ノルンの気配が消えた事を確認したイエッタはライルに駆け寄り、跪いて容態を確認する。目、鼻、耳から血を流してはいるが、イエッタの力ならば助けられそうだ。

そう判断したイエッタはすぐさま実行に移す。途端にライルが白く眩い光に包まれる。そして、光が消えたときには、ライルは全快していた。
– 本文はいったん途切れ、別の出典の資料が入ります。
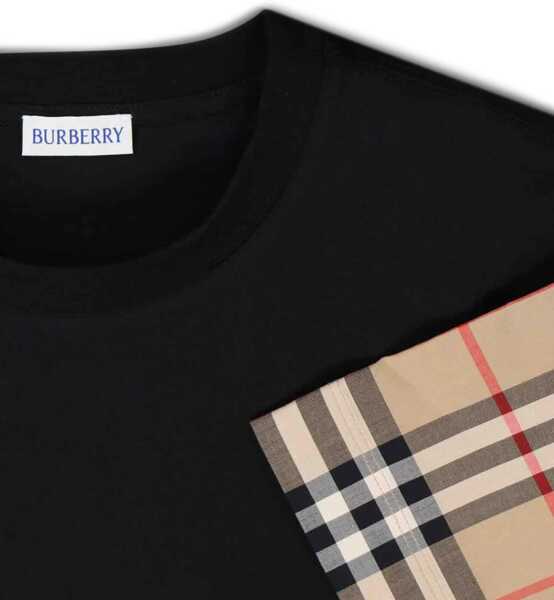 Tricouri Burberry Check Archive Sleeve T-shirt BLACK Femei (BM 16703763) 3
イエッタが持つ力の1つ『光の癒し』。これはレーイが持つ『闇の癒し』に似て非なる性質を持っている。厳密には『癒し』ではない点は『闇』と同じ。ただし、『闇』は『曖昧化』することで対象を過去の姿形に戻すものだが、『光』は『強制』によって対象を本来の姿形に戻すもの。その所為か、『光の癒し』は痛みや疲弊を伴うとされている。

「相変わらず、強引だね、君の魔術は」

「無事で良かった」

イエッタは胸をなで下ろす。

「そんなことより、早くノルンを追って!」

先ほどまでとは打って変わって、ライルは真剣な表情で言った。

「どうして?」

「彼女は『テトラルカ』が生きているようなことを言ってただろう?」

「そうね」

「つまり、『テトラルカ』も世界の統治者候補に選ばれる可能性がある。いや、選ばれるだろう、彼らが生きているなら。そしてもし魔王である『テトラルカ』が統治者になれば、人間は滅ぼされることになる」

「それは……」

あり得ないと否定することが、イエッタも出来ない。『テトラルカ』の配下であるノルンですら、人間を殺すことになんの躊躇いも無いのだ。しかも、力は『テトラルカ』の方が圧倒的に上のはず。

イエッタが黙っているとライルが言葉を続ける。

「ノルンは『テトラルカ』の居場所を知ってるかも知れない。……イエッタ。君ならノルンに打ち勝つことが出来る。そして多分『テトラルカ』にも匹敵できるだろう。……魔族の暴走を止めてくれ」

「言われなくても」

その金色の瞳には、強い意志が宿っていた。